To make a long story short, Windchill ProductPoint builds off the SharePoint platform to create a CAD collaboration infrastructure for small and mid-sized business. That means that small and mid-sized business can leverage the functionality in Windchill ProductPoint to even the playing field between themselves and the big outfits with megabucks to devote to such things.
So, what does that mean? Say you’ve been using things like FTP sites and shared folders for file sharing and e-mail for design collaboration. That is, no data management infrastructure, such as you may have within a workgroup. Safely vaulting files, searching files for parts to reuse, versioning, file use conflicts, and even part dependencies are probably not part of your life. With Windchill ProductPoint, you can have them cost effectively.

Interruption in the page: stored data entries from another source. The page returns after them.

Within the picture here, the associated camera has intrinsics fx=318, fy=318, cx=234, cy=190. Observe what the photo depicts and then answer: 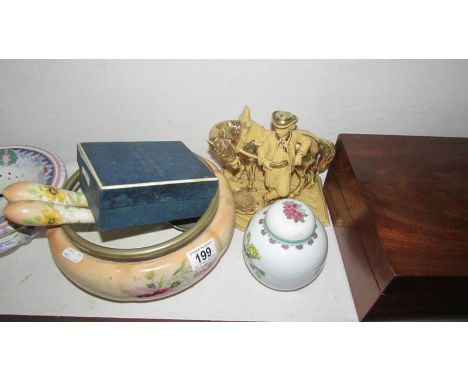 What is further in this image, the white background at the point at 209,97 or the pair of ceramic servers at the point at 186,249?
the white background at the point at 209,97

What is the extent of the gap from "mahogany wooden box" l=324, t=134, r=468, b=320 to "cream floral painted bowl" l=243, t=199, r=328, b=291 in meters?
0.09

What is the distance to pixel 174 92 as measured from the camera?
0.68 metres

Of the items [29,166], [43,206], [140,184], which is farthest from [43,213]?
[29,166]

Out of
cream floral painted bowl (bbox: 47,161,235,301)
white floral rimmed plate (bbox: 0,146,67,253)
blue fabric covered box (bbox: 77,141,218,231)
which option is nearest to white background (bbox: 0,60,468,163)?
white floral rimmed plate (bbox: 0,146,67,253)

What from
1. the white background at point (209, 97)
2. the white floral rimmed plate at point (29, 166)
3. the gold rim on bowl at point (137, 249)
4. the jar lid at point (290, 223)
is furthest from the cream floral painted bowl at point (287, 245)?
the white floral rimmed plate at point (29, 166)

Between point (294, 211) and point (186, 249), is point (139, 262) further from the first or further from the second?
point (294, 211)

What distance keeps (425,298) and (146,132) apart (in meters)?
0.65

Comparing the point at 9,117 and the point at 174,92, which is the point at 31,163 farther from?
the point at 174,92

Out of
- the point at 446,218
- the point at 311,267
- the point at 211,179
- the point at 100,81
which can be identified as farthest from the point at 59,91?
the point at 446,218

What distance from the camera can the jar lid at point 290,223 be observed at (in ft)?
1.70

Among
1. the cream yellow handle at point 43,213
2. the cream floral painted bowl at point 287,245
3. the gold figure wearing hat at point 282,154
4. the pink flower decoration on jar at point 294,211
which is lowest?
the cream floral painted bowl at point 287,245

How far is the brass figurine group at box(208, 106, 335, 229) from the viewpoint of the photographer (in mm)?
580

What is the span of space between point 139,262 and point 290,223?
0.24m

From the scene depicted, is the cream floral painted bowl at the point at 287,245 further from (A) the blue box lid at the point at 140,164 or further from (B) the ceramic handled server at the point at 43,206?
(B) the ceramic handled server at the point at 43,206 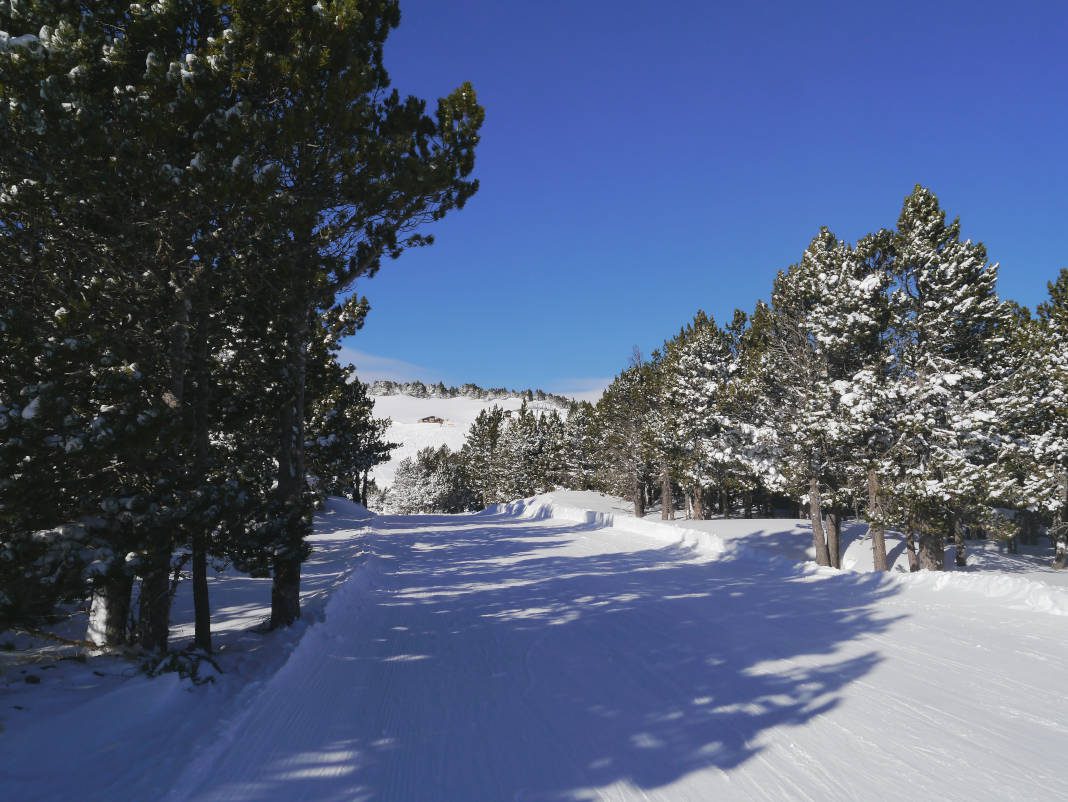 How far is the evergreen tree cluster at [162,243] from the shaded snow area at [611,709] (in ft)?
4.93

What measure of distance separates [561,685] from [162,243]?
289 inches

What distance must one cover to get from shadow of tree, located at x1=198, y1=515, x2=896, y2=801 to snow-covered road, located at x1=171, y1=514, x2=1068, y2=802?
0.10 feet

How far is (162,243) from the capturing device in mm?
6969

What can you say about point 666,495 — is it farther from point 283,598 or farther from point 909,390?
point 283,598

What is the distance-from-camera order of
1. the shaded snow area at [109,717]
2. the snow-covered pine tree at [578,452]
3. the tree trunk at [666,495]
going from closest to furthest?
the shaded snow area at [109,717], the tree trunk at [666,495], the snow-covered pine tree at [578,452]

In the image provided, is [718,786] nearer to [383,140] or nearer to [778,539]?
[383,140]

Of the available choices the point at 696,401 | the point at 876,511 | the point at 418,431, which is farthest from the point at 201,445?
the point at 418,431

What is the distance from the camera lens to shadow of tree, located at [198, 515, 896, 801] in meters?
4.54

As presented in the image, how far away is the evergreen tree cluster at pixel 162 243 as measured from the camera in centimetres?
519

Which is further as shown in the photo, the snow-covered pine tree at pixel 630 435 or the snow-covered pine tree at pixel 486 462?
the snow-covered pine tree at pixel 486 462

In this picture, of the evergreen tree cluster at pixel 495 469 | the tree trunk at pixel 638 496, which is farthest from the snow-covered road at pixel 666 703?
the evergreen tree cluster at pixel 495 469

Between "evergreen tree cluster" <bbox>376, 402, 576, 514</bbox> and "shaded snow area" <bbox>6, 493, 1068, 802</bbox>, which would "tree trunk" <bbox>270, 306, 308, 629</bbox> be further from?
"evergreen tree cluster" <bbox>376, 402, 576, 514</bbox>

Or say you already have Windchill and leverage SharePoint for office operations. Windchill ProductPoint lets you bring SharePoint to Windchill, removing the walls that can separate effective communications between engineering and the rest of your enterprise. Data can pass back and forth in multi-CAD environments, and CAD users and non-CAD users can use the SharePoint browser to view and markup CAD files.
Windchill ProductPoint enables larger outfits to better collaborate with its suppliers, extended design teams, and customers through the web with its engineering-friendly collaboration functions such as blogs, wikis, calendars, and forums. These are all designed to function outside the firewall and to be easy to deploy and maintain.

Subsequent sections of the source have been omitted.